# Silver King in Antique store



## schwinnguyinohio (Jan 19, 2020)

Saw this in a store today


----------



## John G04 (Jan 19, 2020)

How much?


----------



## schwinnguyinohio (Jan 19, 2020)

5500


----------



## Jewelman13 (Jan 19, 2020)

schwinnguyinohio said:


> 5500




5500?! Wowzers!!


----------



## Freqman1 (Jan 19, 2020)

Pedals, seat, and grips not correct. Way over the money even if 100%. V/r Shawn


----------



## Ricollector (Jan 19, 2020)

That is a “I don’t want to sell” price!


----------



## Goldenrod (Jan 19, 2020)

That is waiting for a drunk bike collector who just went senile.


----------



## Frank and Pam Skid Kings (Jan 19, 2020)

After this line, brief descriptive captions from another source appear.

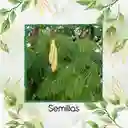 4.000 Semillas Orgánicas De Árbol Leucaena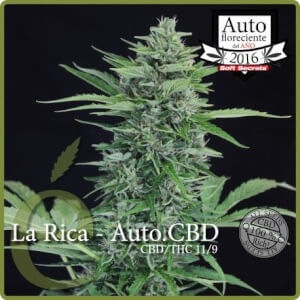 La Rica Auto CBD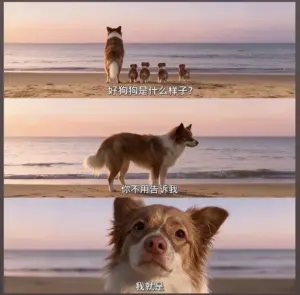 Visitor uploaded image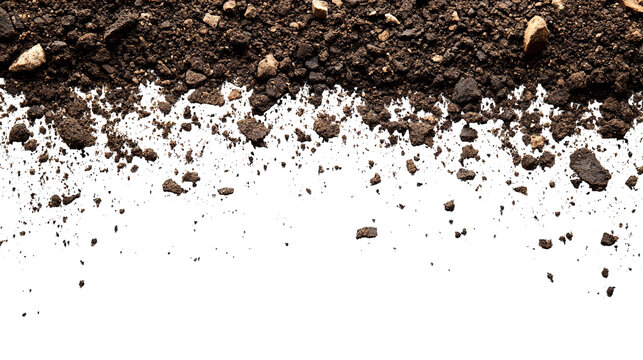 Close-up of rich, dark soil with pebbles and a black background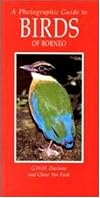 A Photographic Guide to Birds of Borneo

Boy...I guess days of scoring big in a antique shop are long gone. Word is out on old bicycles.


----------



## schwinnguyinohio (Jan 20, 2020)

I had the store call the owner to see his bottom dollar but he didn’t answer while I was there , store later called me back with 4300 which is probably still way high.


----------



## vincev (Jan 20, 2020)

Not worth that price even if all correct.


----------



## tech549 (Jan 21, 2020)

ok what is the fair market value of this bike?these are all over place in prices,2 most recent on the cabe had prices of $1600 and $4000 and then the one that's on e-bay for $9500 been listed forever .


----------



## bikejunk (Jan 21, 2020)

saw a very decent original  with ripped seat but everything their sell for 2.400 at a bike show a few years ago


----------



## schwinnguyinohio (Jan 21, 2020)

If anyone would be able to make a deal on it and needs it stored for awhile or delivered to ML let me know ,id help if I can


----------